| Raw data |
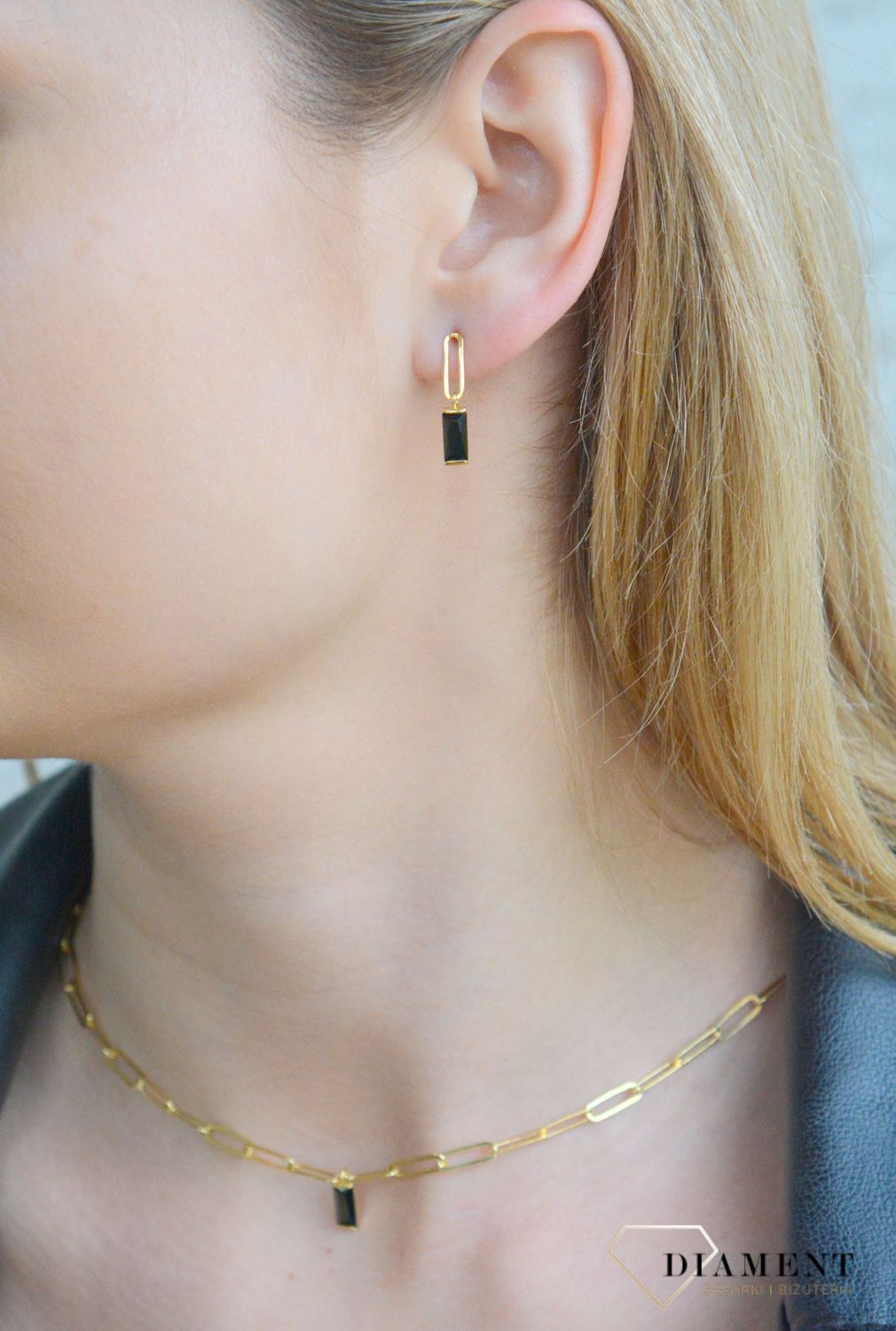 Srebrny naszyjnik damski 925 pozłacany z czarnymi kamieniami 0748338500 (2).jpg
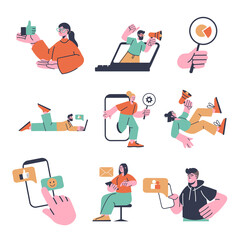 Wall Mural - digital marketing concept set in flat design. man and woman making advertising at social media, prom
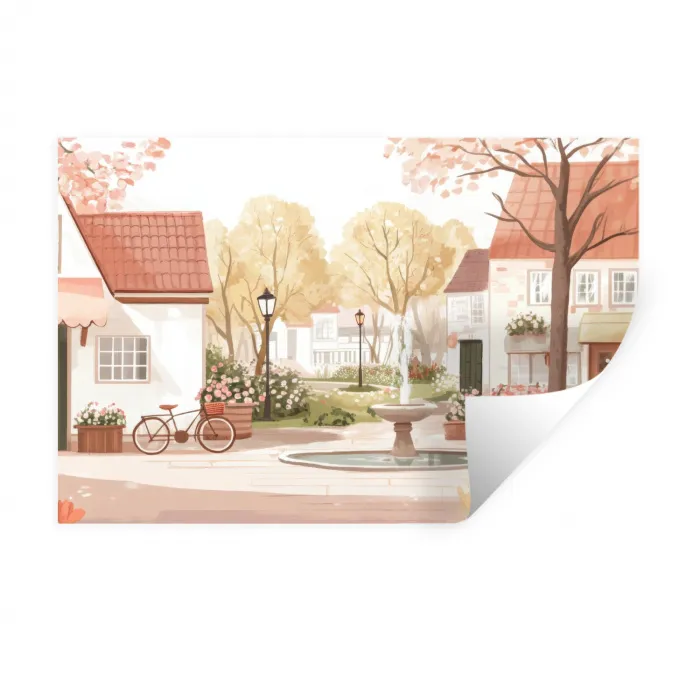 Dorpsplein - Fontein - Tulpen Muursticker klein -3d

| Task details |
Give the data again exactly as it appears, but without any images.

| Output below |
 Srebrny naszyjnik damski 925 pozłacany z czarnymi kamieniami 0748338500 (2).jpg
 Wall Mural - digital marketing concept set in flat design. man and woman making advertising at social media, prom
 Dorpsplein - Fontein - Tulpen Muursticker klein -3d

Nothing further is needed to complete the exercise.